- **TASK DESCRIPTION**:
Which lines run from the line with "So wurde eine" through the line with "幌伞枫的应用价值有哪些？" in the entries below? Print them exactly, both ends included, and nothing more.

———

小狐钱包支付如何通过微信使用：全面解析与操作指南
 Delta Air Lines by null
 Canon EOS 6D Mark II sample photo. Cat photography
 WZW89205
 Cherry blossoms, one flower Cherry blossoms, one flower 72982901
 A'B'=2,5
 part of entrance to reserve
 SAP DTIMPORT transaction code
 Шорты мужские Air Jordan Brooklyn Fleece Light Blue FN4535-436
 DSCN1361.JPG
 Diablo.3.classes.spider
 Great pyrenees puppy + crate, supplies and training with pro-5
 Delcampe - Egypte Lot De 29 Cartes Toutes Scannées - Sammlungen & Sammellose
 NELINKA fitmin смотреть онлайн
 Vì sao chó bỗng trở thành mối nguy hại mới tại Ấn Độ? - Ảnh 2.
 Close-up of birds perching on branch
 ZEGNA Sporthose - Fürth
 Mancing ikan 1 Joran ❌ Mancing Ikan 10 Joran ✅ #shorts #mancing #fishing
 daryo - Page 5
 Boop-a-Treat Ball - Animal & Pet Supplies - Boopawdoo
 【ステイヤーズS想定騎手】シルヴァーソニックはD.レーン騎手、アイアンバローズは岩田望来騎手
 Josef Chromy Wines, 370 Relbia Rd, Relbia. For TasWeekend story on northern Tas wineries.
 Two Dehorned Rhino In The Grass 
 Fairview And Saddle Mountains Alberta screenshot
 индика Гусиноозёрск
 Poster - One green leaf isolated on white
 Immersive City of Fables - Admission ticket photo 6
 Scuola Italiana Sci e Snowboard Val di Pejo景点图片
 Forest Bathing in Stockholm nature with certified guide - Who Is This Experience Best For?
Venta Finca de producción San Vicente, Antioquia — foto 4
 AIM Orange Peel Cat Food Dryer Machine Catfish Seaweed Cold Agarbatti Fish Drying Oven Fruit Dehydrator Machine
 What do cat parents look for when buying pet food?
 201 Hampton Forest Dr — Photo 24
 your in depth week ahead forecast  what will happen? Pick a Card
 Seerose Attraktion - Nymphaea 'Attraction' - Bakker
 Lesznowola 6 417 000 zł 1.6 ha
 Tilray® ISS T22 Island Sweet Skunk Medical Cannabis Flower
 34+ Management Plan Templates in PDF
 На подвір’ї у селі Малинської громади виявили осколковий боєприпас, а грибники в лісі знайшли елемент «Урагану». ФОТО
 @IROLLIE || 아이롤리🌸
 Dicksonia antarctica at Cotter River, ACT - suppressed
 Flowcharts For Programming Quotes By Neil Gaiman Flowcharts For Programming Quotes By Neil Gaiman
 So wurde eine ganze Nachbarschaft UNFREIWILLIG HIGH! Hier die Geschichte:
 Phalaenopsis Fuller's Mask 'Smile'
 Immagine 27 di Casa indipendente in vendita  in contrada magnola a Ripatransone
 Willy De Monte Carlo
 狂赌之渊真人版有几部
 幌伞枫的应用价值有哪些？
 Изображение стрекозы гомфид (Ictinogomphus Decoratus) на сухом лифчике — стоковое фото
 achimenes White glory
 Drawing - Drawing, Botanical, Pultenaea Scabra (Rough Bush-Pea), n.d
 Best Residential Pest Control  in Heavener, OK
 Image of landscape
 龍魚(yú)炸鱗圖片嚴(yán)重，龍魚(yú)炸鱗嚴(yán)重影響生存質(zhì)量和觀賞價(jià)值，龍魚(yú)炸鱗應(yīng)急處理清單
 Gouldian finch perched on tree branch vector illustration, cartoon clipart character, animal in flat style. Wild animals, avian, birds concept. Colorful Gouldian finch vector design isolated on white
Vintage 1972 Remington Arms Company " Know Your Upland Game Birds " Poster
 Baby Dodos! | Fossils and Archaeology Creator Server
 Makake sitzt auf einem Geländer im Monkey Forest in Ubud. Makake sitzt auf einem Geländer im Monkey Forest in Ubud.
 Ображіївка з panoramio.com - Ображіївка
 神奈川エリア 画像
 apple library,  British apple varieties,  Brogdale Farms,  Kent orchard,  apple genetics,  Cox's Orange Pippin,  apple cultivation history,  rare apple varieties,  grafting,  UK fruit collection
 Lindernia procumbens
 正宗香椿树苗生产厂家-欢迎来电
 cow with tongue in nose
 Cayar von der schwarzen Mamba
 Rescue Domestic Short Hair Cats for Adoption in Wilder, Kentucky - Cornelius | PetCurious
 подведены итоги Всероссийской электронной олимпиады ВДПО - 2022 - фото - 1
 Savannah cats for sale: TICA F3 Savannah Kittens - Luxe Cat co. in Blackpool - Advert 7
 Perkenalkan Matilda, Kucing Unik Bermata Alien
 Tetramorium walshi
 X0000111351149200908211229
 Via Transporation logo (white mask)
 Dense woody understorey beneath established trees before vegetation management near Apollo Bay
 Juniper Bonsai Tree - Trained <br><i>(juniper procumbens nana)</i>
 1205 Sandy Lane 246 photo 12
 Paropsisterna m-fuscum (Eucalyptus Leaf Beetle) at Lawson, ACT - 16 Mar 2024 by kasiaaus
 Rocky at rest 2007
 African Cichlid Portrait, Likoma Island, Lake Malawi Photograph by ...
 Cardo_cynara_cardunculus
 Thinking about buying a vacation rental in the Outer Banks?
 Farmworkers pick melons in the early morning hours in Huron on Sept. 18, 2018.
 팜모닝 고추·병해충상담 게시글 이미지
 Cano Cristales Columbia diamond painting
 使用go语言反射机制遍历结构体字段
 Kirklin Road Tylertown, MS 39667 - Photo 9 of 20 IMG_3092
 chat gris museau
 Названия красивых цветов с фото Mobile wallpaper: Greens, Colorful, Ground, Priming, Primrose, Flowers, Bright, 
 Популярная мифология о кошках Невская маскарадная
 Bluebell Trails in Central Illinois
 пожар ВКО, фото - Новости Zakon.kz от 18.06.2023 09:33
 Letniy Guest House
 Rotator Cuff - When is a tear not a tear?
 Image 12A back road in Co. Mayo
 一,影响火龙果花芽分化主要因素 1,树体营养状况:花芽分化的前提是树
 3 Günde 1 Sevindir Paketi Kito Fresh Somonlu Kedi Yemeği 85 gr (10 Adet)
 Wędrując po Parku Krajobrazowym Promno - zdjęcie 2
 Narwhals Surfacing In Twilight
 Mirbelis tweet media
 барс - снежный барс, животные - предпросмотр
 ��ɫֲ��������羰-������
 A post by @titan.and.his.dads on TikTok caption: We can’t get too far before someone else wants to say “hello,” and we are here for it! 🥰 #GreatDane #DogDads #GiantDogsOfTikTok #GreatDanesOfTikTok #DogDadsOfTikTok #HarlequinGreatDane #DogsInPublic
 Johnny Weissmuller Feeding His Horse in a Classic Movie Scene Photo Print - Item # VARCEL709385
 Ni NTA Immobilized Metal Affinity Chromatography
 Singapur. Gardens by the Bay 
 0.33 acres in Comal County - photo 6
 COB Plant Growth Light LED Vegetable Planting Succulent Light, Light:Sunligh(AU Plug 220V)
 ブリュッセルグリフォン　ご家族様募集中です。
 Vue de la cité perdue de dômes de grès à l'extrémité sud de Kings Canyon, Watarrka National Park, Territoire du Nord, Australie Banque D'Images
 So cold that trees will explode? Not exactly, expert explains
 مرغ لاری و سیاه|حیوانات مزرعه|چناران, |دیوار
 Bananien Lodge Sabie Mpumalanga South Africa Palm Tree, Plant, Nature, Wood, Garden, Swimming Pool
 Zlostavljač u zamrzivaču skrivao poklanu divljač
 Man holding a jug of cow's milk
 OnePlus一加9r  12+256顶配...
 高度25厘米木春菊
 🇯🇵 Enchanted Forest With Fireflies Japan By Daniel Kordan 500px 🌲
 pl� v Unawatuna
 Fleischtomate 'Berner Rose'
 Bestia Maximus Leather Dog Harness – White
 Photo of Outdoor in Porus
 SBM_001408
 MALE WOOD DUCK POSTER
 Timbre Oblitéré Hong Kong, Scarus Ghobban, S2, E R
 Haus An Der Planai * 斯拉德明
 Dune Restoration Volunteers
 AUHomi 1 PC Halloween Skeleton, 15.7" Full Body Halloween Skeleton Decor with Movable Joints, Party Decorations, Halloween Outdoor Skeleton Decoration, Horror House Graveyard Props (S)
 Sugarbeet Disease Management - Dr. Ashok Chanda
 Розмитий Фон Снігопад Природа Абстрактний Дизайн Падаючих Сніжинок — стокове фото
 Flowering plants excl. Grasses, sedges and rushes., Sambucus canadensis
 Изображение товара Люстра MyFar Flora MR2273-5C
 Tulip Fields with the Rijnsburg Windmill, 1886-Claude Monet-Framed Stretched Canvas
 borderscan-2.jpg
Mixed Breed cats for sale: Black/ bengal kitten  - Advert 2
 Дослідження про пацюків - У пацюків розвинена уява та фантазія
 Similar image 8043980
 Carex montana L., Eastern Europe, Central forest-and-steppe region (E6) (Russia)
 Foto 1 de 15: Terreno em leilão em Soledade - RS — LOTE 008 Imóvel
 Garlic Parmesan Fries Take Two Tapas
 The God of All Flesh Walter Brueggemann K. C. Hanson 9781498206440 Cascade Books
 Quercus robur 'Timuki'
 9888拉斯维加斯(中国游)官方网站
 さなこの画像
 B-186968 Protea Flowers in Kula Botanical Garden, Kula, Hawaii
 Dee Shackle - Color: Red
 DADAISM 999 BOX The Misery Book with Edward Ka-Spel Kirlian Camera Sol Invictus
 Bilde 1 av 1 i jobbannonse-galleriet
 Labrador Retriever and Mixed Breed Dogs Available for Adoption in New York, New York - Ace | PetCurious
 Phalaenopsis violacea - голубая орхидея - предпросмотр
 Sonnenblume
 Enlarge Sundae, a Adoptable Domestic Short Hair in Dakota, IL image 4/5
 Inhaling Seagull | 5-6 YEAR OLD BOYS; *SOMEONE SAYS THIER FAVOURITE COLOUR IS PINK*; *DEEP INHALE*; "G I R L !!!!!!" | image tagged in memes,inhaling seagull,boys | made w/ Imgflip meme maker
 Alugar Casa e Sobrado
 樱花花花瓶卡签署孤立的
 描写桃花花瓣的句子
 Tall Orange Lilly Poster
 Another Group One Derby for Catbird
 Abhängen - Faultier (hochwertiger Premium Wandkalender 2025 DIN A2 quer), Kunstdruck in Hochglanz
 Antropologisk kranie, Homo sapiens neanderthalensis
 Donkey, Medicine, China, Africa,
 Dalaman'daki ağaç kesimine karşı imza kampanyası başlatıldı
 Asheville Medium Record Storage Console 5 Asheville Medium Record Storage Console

———

- **REPLY**:
 So wurde eine ganze Nachbarschaft UNFREIWILLIG HIGH! Hier die Geschichte:
 Phalaenopsis Fuller's Mask 'Smile'
 Immagine 27 di Casa indipendente in vendita  in contrada magnola a Ripatransone
 Willy De Monte Carlo
 狂赌之渊真人版有几部
 幌伞枫的应用价值有哪些？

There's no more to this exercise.